• [What you will do]
Only the text should be kept: print every entry below exactly and leave each image out.

Start of Supplied records

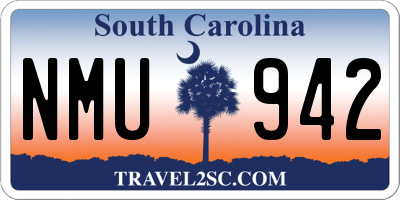 SC license plate NMU942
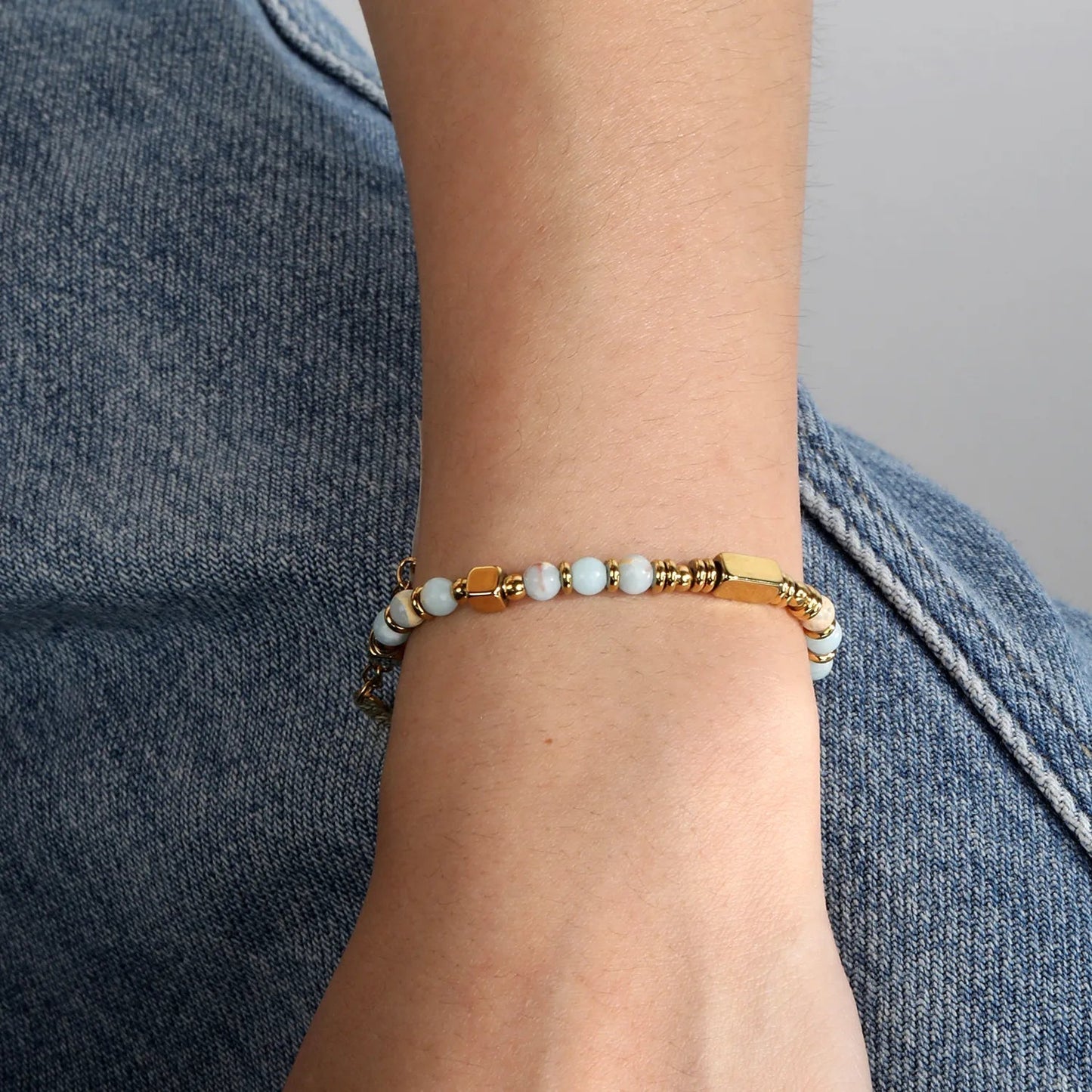 Waterproof 304L Steel Multi-Color Shoushan Stone Bracelet for Women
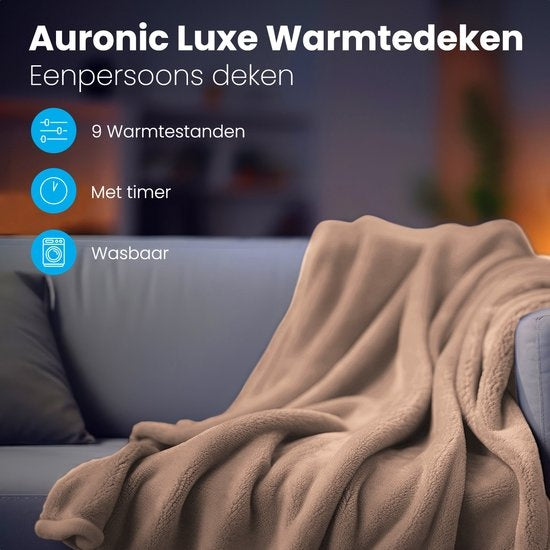 Auronic Elektrische Deken - Warmtedeken - 9 Warmtestanden - 1 Persoons - 160x120cm - Lichtbruin
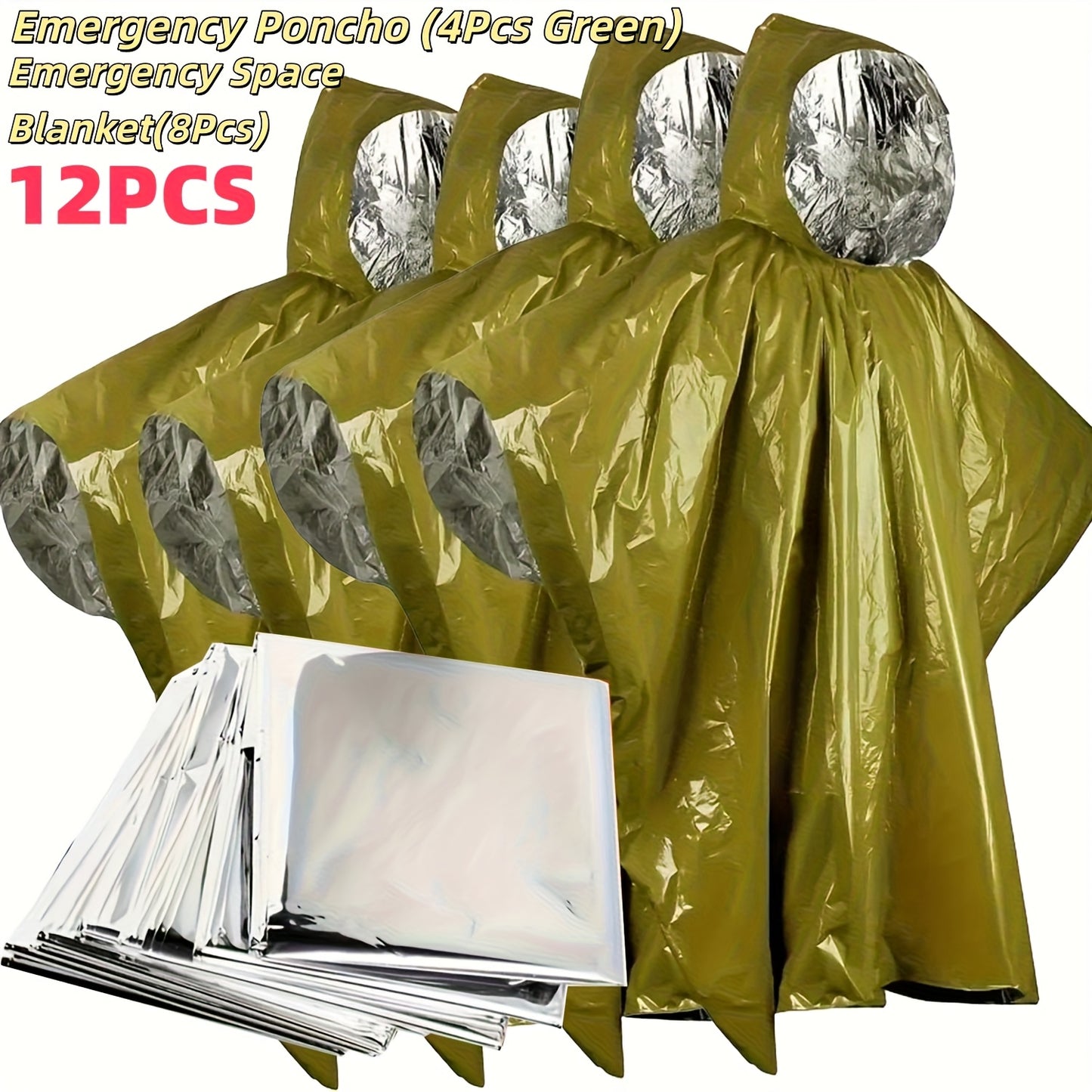 8/12pcs Survival Gear Kit, Emergency Poncho, Space Blanket, Retains 92% Body Heat, For Outdoors, Hiking, Camping, Bug Out Bag, Marathons, Car, Backpack Rain Cover, Bug Out Bag Gifts For Men Women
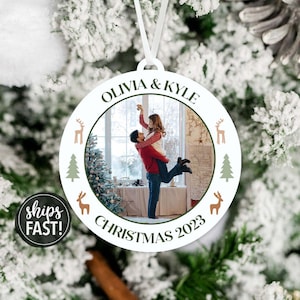 Personalized Photo Christmas Ornament Our First Christmas Ornament Engaged Photo Ornament Married Ornament Gift for Girlfriend Gift for Wife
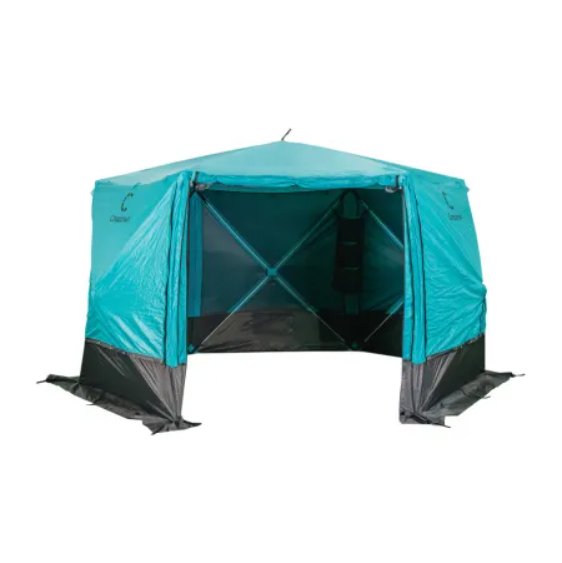 Шатер "СЛЕДОПЫТ" быстросборный, 6 стен, 3,35х3,85 м, h-2,25 м, S по полу 9,3 кв.м, цв. WATERFALL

End of Supplied records

• [The completed task]
 SC license plate NMU942
 Waterproof 304L Steel Multi-Color Shoushan Stone Bracelet for Women
 Auronic Elektrische Deken - Warmtedeken - 9 Warmtestanden - 1 Persoons - 160x120cm - Lichtbruin
 8/12pcs Survival Gear Kit, Emergency Poncho, Space Blanket, Retains 92% Body Heat, For Outdoors, Hiking, Camping, Bug Out Bag, Marathons, Car, Backpack Rain Cover, Bug Out Bag Gifts For Men Women
 Personalized Photo Christmas Ornament Our First Christmas Ornament Engaged Photo Ornament Married Ornament Gift for Girlfriend Gift for Wife
 Шатер "СЛЕДОПЫТ" быстросборный, 6 стен, 3,35х3,85 м, h-2,25 м, S по полу 9,3 кв.м, цв. WATERFALL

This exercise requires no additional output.